Task to complete: Look through the data below and output, unchanged, every line from the one holding "1321 Brookstone Lake Drive - Photo 1" through the one holding "RX24 10W 25W", inclusive. Skip the pictures.

Study material:
————

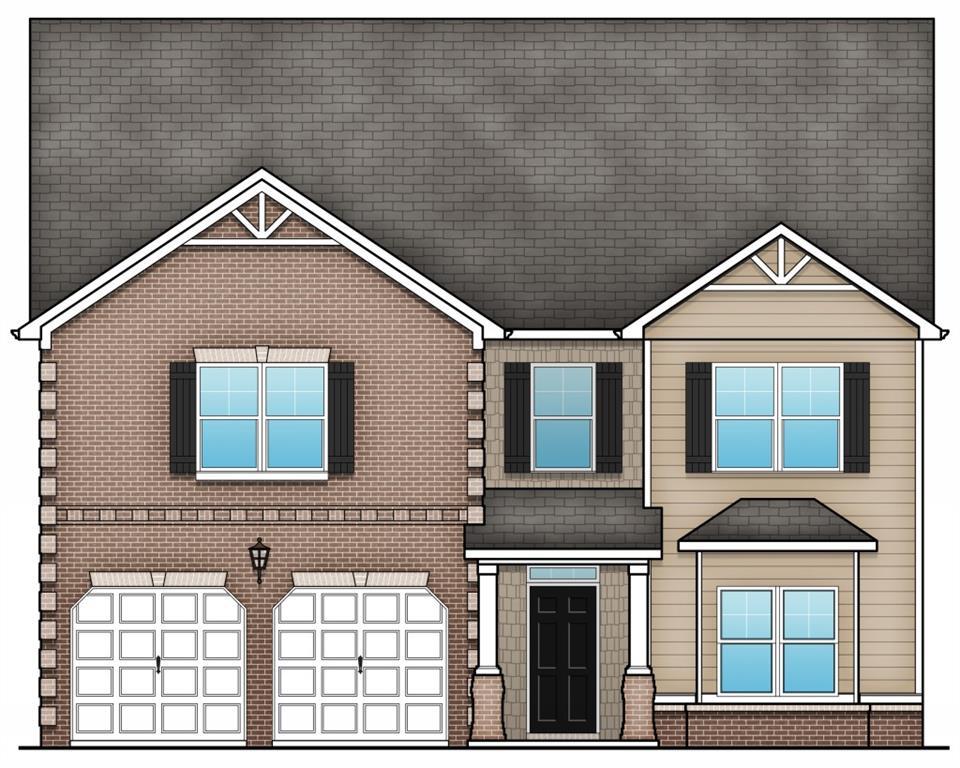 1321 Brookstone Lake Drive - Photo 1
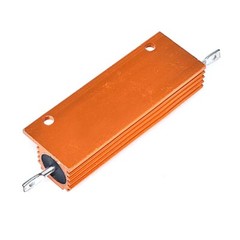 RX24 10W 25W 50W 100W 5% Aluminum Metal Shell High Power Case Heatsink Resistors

————

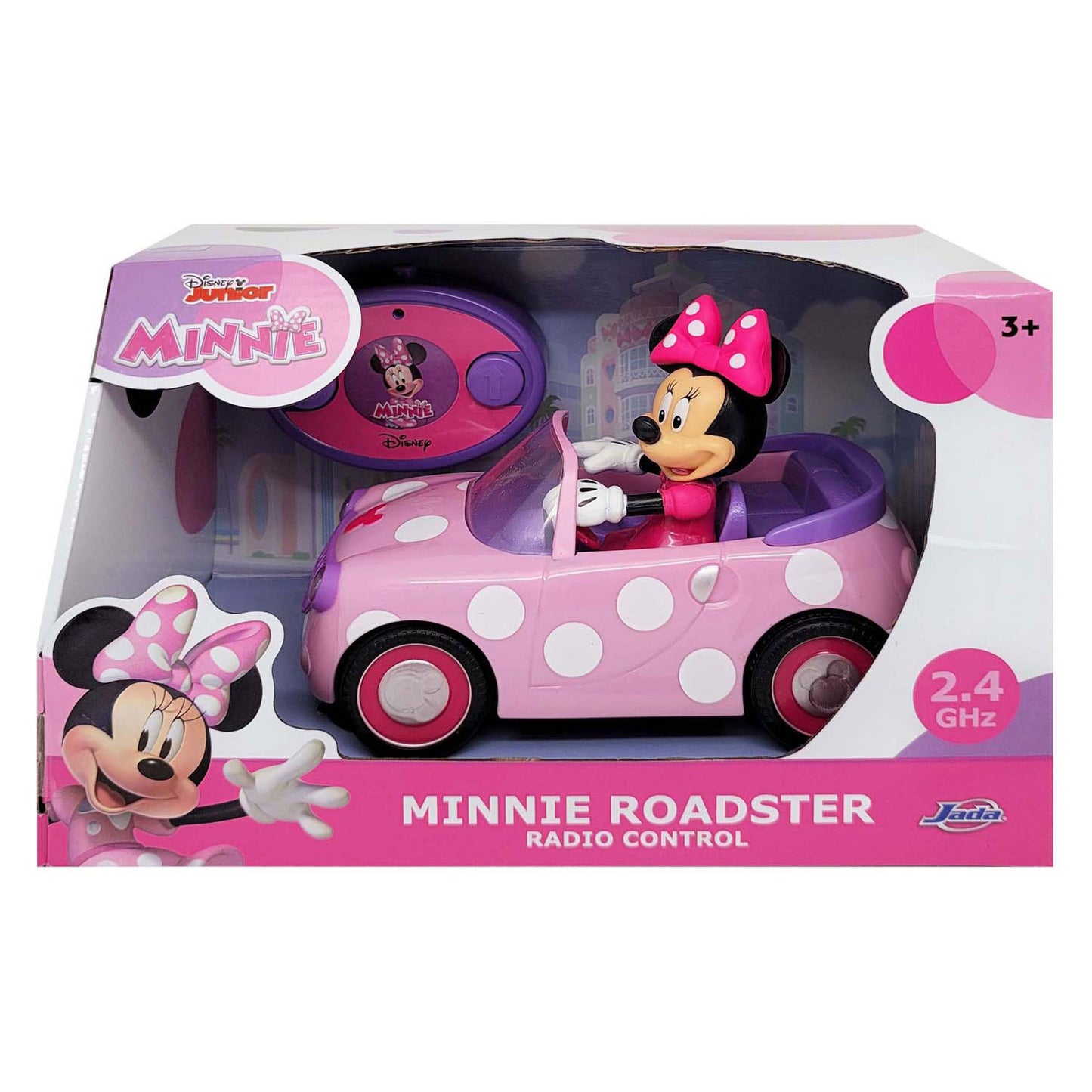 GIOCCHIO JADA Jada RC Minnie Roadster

————

Response:
 1321 Brookstone Lake Drive - Photo 1
 RX24 10W 25W 50W 100W 5% Aluminum Metal Shell High Power Case Heatsink Resistors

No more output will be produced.